Un manifestant est emmené par des policiers lors d'une action de soutien à l'organisation Palestine Action, à Londres, le 4 octobre 2025 ( AFP / JUSTIN TALLIS )
Le gouvernement britannique a été accusé mercredi d'avoir fait preuve d'"autoritarisme" en interdisant l'organisation Palestine Action, classée terroriste en juillet, au premier jour de l'examen du recours contre cette décision, qui a relancé le débat sur la liberté d'expression au Royaume-Uni.
La décision d'interdire ce mouvement a été jugée "disproportionnée" par le Haut-commissaire aux droits de l'homme de l'ONU, dénoncée par des organisations de défense des droits humains et critiquée par le Conseil de l'Europe.
Huda Ammori, cofondatrice de Palestine Action, a introduit un recours en justice pour contester cette interdiction, qui place le mouvement dans la même catégorie qu'Al-Qaïda, le Hezbollah ou l'Armée républicaine irlandaise (IRA).
Au premier jour d'audience mercredi, son avocat Raza Husain a dénoncé une décision contraire à la "longue tradition" de défense de la désobéissance civile au Royaume-Uni, "une honorable tradition à la fois dans notre loi et dans toute démocratie".
Il a cité l'exemple des suffragettes, militantes pour le droits de vote des femmes au début du XXè siècle, qui selon lui "auraient été passibles d'interdiction" si la loi antiterroriste actuelle avait été en vigueur.
La décision relève d'un "abus de pouvoir autoritaire", a-t-il insisté.
Une quarantaine de personnes s'étaient rassemblées devant le tribunal pour soutenir le groupe, brandissant des drapeaux palestiniens.
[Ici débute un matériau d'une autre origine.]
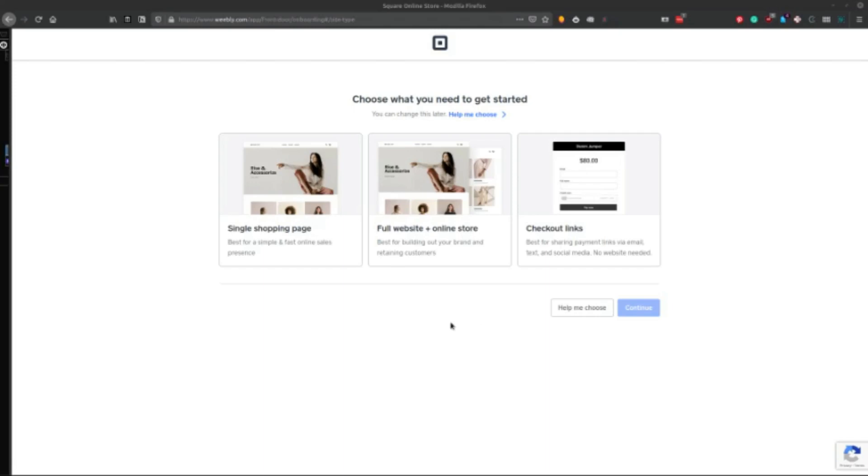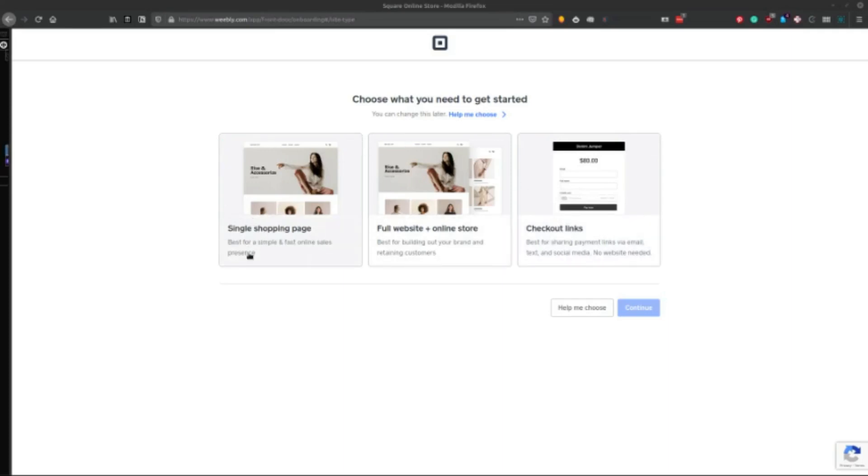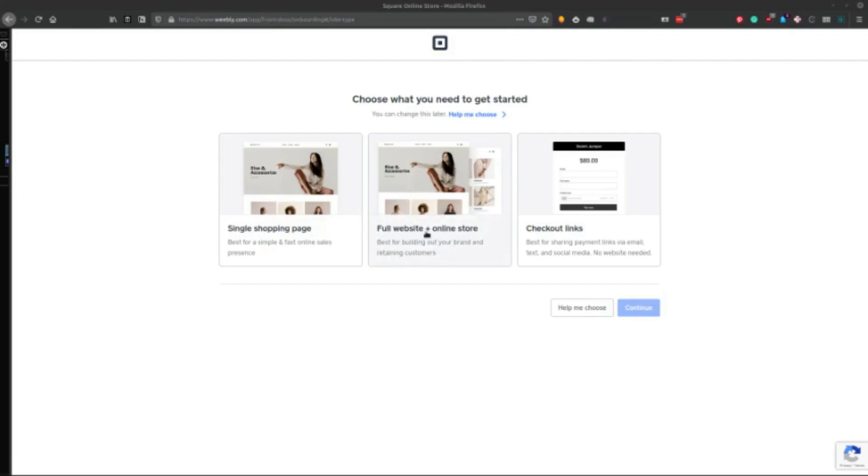So back to doing square, if you already have a square payments system, then you can use the checkout links, if you want to just share links via email, text and social media. But I would suggest the single shopping page. This is best for simple, fast online sales. I would not do the full website and online storage, because you're not going to have a lot of templates to choose from. It's not going to be very robust in the website portion of it in the way that you can customize. It just won't be. I don't recommend it.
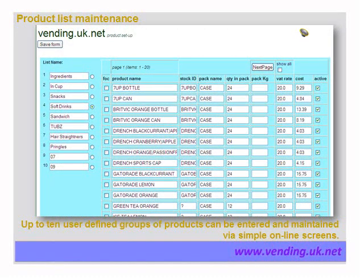Products are entered and maintained on the internet screens. There are 10 lists of products and each list can contain up to 800 items. The list contains the product name and the SAGE code — the accounting code that is sent to SAGE — as well as the case name, case crate size, and weight of the case. The weight is used in calculating the loading in a van. Also included is the VAT rate if appropriate, and the cost of a case, which is used for calculating profits for particular products or machines.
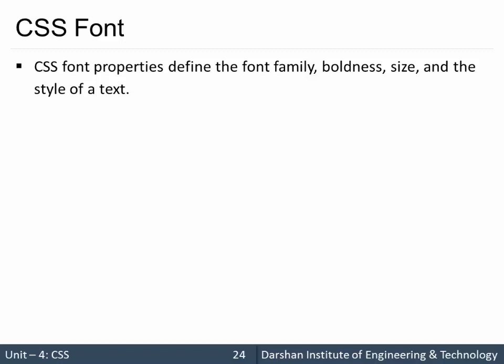Hello everyone. In today's session we are going to discuss CSS fonts. CSS font properties define the font family, boldness, size, style, and many more things. So let's start with CSS fonts.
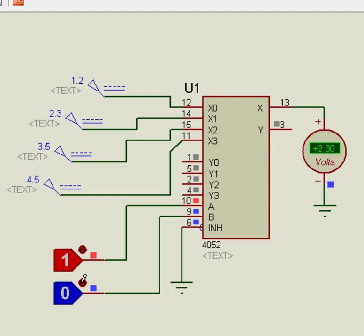This is how we can use CD4052 multiplexer and demultiplexer. For more information and circuits, check the link given in the description of the video.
Plusieurs d'entre elles, qui tenaient une pancarte "Je m'oppose au génocide. Je soutiens Palestine Action", ont été interpellées par la police.
Au moins 2.300 personnes ont été arrêtées depuis juillet dans plusieurs manifestations de soutien au groupe, selon l'association Defend Our Juries qui les organise. Au 20 novembre, 254 avaient été inculpées pour soutien à une organisation terroriste, selon la police. Elles risquent pour la plupart une peine allant jusqu'à six mois de prison.
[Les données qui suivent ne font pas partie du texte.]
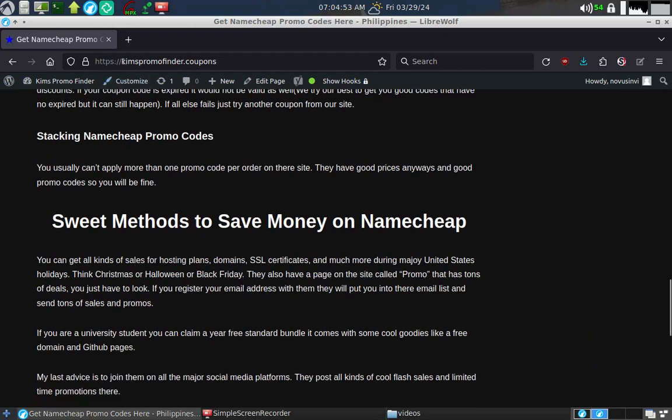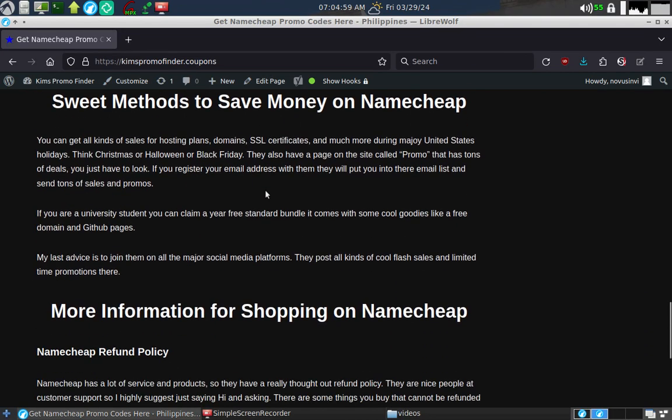Hello, this is Kim's promofinder.coupons website for finding Namecheap promo codes in the Philippines.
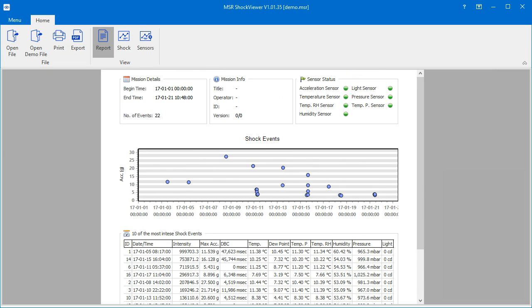At the top of the report, you will find information about the measurement period, mission information, and what sensors of the data logger were active.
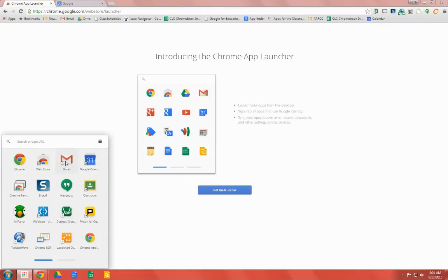From here we can launch our Chrome Apps, but we'll also want to pin them down into our taskbar.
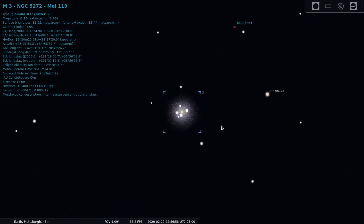Now that we have some location information and some details about the cluster, let's do the sketch. I used my 8 inch SCT with an 8 to 24 millimeter zoom at around 14 millimeters for a magnification of 146x.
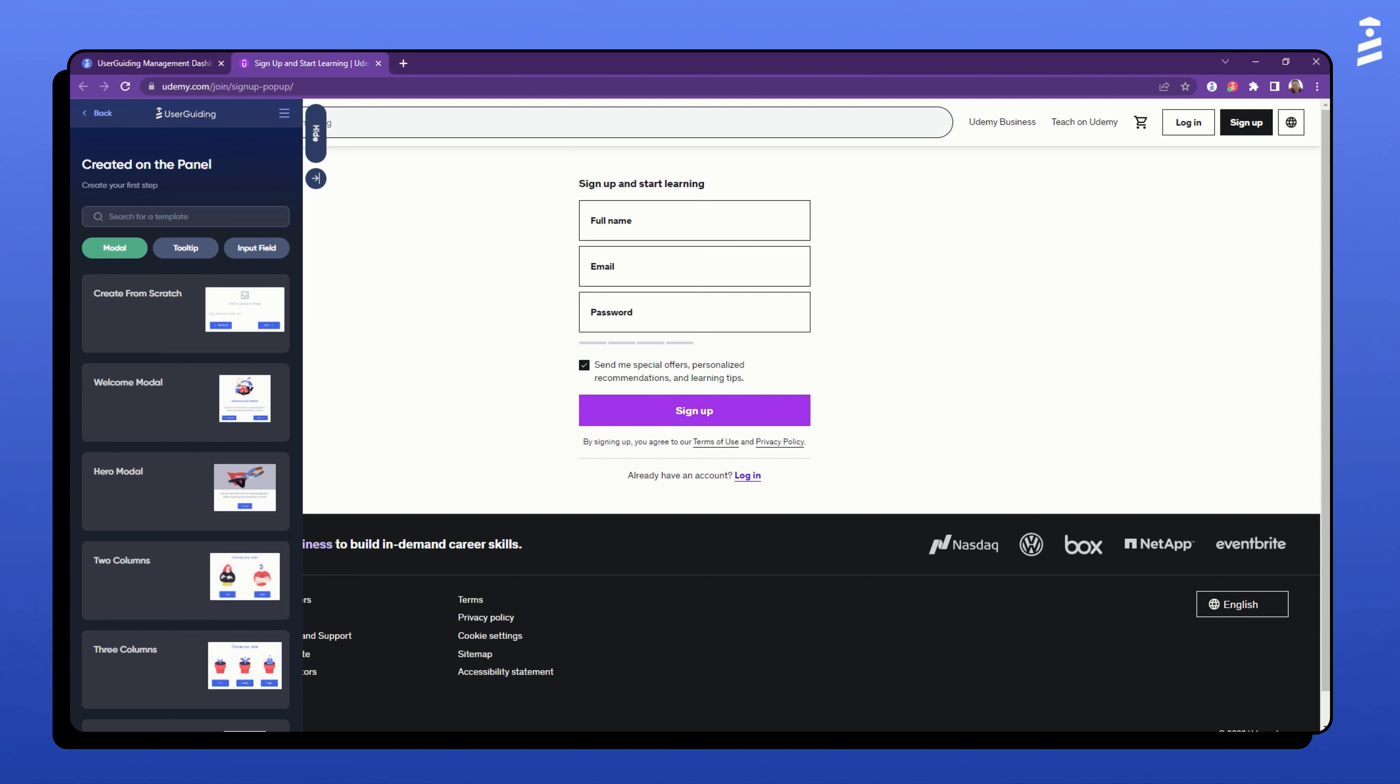Perfect. I'm using Udemy as an example platform. This is Udemy's register page where the user signs up for the platform and where we'll create our guide. Before we continue with creating the guide steps, let's take a look at how to get here directly through the extension.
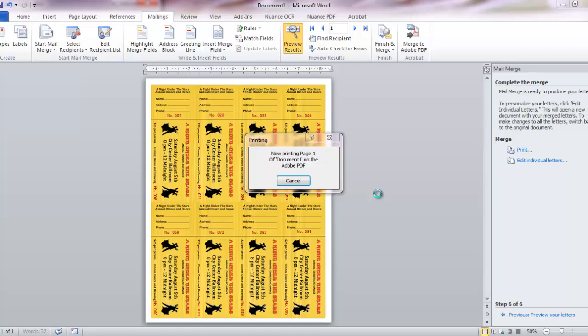You can go ahead and print it out directly to whatever printer you want to print this on, or you can actually do what I'm doing right now, save it as a PDF. We should be just about there.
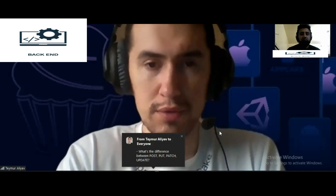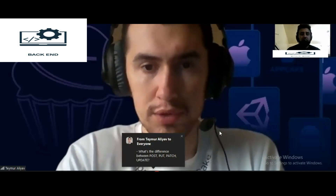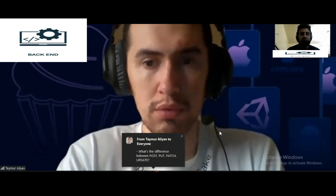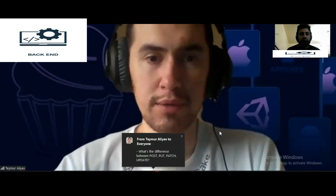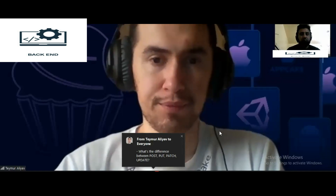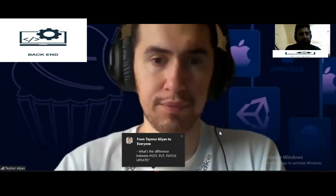What is the difference between POST, PUT, PATCH, and UPDATE?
Des manifestants assis montrent des pancartes en soutien au groupe Palestine Action, à Londres, le 6 septembre 2025 ( AFP / JUSTIN TALLIS )
Le gouvernement est notamment critiqué pour avoir pris en compte une définition trop large de ce qui constitue du terrorisme.
En juillet, le ministère de l'Intérieur a fait valoir que Palestine Action s'était engagé dans une "campagne de plus en plus intense" qui s'est notamment traduite par des "dégradations volontaires importantes, notamment sur l'infrastructure de sécurité nationale du Royaume-Uni".
Yvette Cooper, à la tête du Home Office en juillet, a assuré que certaines personnes soutenant Palestine Action "ne connaissaient pas la véritable nature de l'organisation", sans apporter plus de précision.
- Base militaire ciblée -
Créé en 2020, Palestine Action se présentait sur son site internet comme un "mouvement d'action directe engagé à mettre fin au soutien mondial au régime génocidaire et d'apartheid d'Israël".
Le Premier ministre britannique Keir Starmer à Londres, le 19 novembre 2025 ( AFP / CARLOS JASSO )
Il visait essentiellement des sites d'entreprises d'armement, notamment du groupe israélien Elbit Systems. Le gouvernement travailliste de Keir Starmer l'a classé comme organisation terroriste début juillet après une intrusion et des actes de vandalisme sur une base de l'armée de l'air britannique, dont les dégâts ont été évalué à 7 millions de livres (7,9 millions d'euros) selon le bureau du procureur.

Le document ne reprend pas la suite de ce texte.